Monday, March 19, 2012

REVIEW: Review of TURBIDITY concert, East Bandung, Indonesia, 9 October 2011

UJUNG BERUNG DEATH-METAL: Bobby Rock BLEEDING CORPSE, Dada Rosadeath TURBIDITY, Daniel Turbiyem TURBIDITY, Jack Frost BUSUK WEBZINE, Mamy TURBIDITY, Casper TURBIDITY manager, Deathstar Tattoo, Bandung, 10 October 2011
Review of TURBIDITY concert, East Bandung, Indonesia, 9 October 2011
By Jack Frost, 20 March 2012
My rating: 85%, TURBIDITY was great but show lacked some atmosphere as the venue was too large

At 4.00pm on Sunday, Bobby, Popo, and I headed for East Bandung to attend a rock show to be headlined by the young, first-rate death-slammers TURBIDITY. It was a 45-minute drive from the northern suburbs of Bandung out through to the residential areas near Ujung Berung and then to the border with the countryside. As we headed into the residential or the suburban areas the roads narrowed, buildings became closer together, the graffiti on walls became more prominent, and the traffic began to thin out. Popo told me that this was near to Ujung Berung, that near mythical working-class locality, much like California’s East Bay for legendary punks RANCID, where the first metal bands developed and a supportive but demanding metal brotherhood emerged. In Ujung Berung the older metal bands have always mentored the younger bands and pushed the younger bands towards excellence. Popo states that she knew Man JASAD within the metal community of Ujung Berung before she even became a death-metal vocalist.
The neighbourhoods we went through were not completely poor – here and there we saw what were obviously higher status houses and apartments but these too lacked arrogance and pretension. The area has a harmony and cohesion, even in the midst of apparent chaos, a statement which could even apply to Indonesia as a whole where everything and everyone appears to be in perpetual motion but where social behaviour still remains highly regulated and controlled.

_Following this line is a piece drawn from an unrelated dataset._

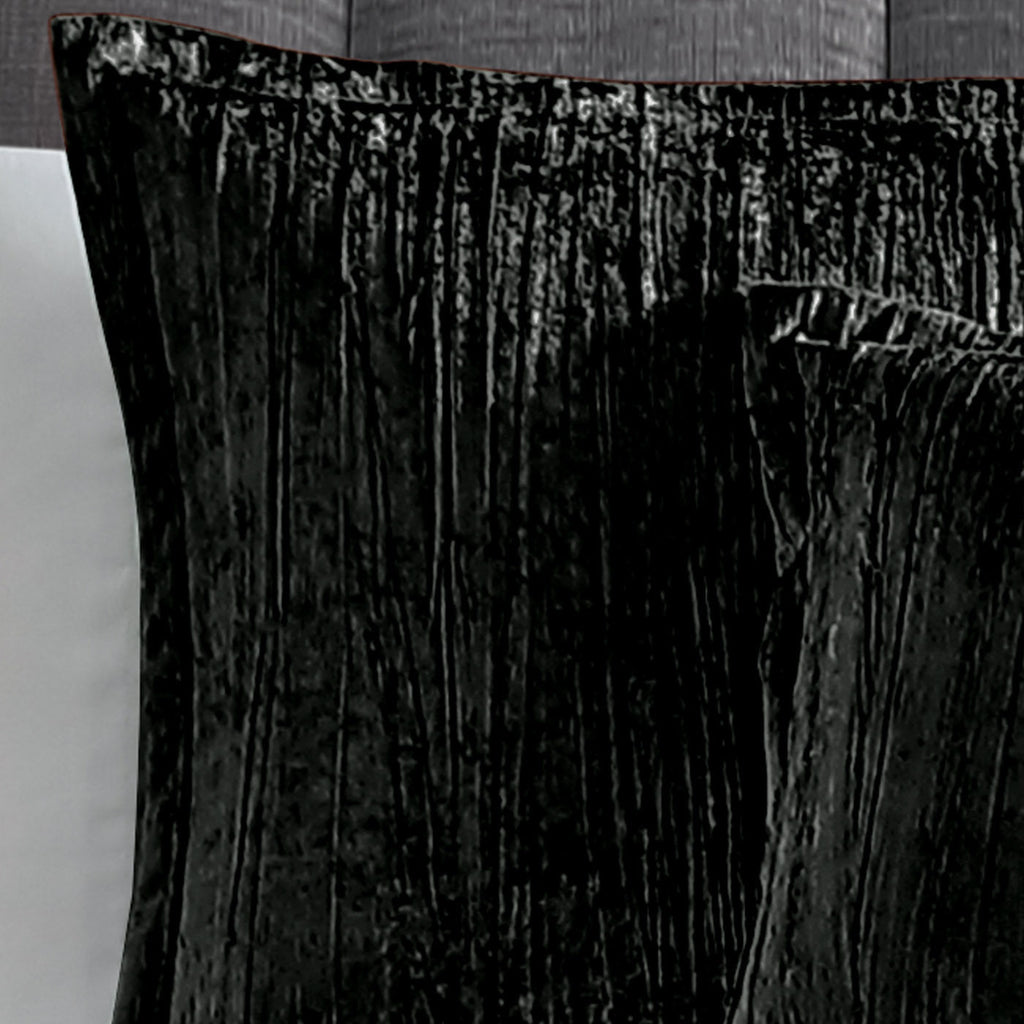 WONDERWALL 'Une Collection' Black Crinkle Velvet Comforter Set with Plush Fill - 7 Piece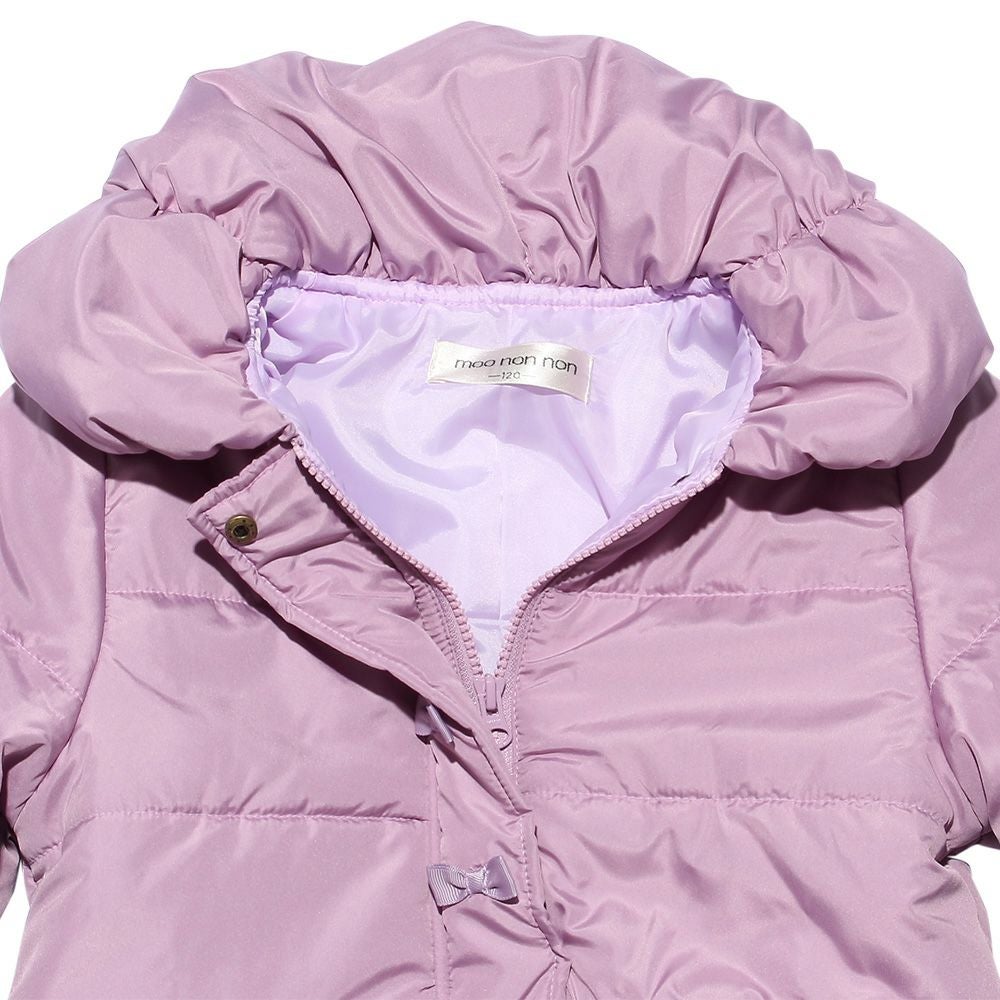 子供服 女の子 リボン＆フリル中綿入りコート パープル(91) デザインポイント1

We eventually reached a road where, to cite RANCID again from the 2009 song “Disconnected”, “the city was on the left and the country was on the right”. Heading towards the show this lyric actually reversed itself as the rice-fields, in the shadow of the mountain and perhaps less than a kilometre away and shrouded by eternal grey cloud, were on the left and the houses of East Bandung were on the right. The ancient rice-fields on the left, a sight which must have remained unchanged for generations, were interspersed with modern-looking petrol stations with their MNC brand-name logos prominently displayed. Such are the contradictions of Indonesia.
As soon as we had reached the rice-fields, 500 metres or a kilometre ahead on the right, around a bend in the road as it curve rightwards, was the music venue and its large compound. It was hard to be sure what the music venue was primarily designed for. Certainly the parking area compound was very spacious and there was a long internal entrance road after you entered the front gates.

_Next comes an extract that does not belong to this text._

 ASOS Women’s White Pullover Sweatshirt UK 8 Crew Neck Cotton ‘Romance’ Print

The music venue was a large hall, much larger than the Cibinong venue and perhaps 50 metres long and 15 metres wide or even 60 metres long and 20 metres wide. The roof was raised very high and in one corner there was a staircase leading up to a balcony. The balcony stretched along the entire back wall and was around ten metres deep. We exited the car to see all of the metal community of Bandung, or so it appeared, relaxing on a low brick wall running parallel to a side wall of the building. There was a line of around fifteen metalheads seated on the low brick wall, holding court as it were, with others sitting on the ground and crouching in front of them. The seated metalheads were smoking, passing around bottles of traditional wine, and staring peacefully out over the sea of parked motorcycles inside the compound to the mist-shrouded mountain beyond. Bobby, Popo, and I (Daniel may have been with us as well) enthusiastically greeted the seated metalheads.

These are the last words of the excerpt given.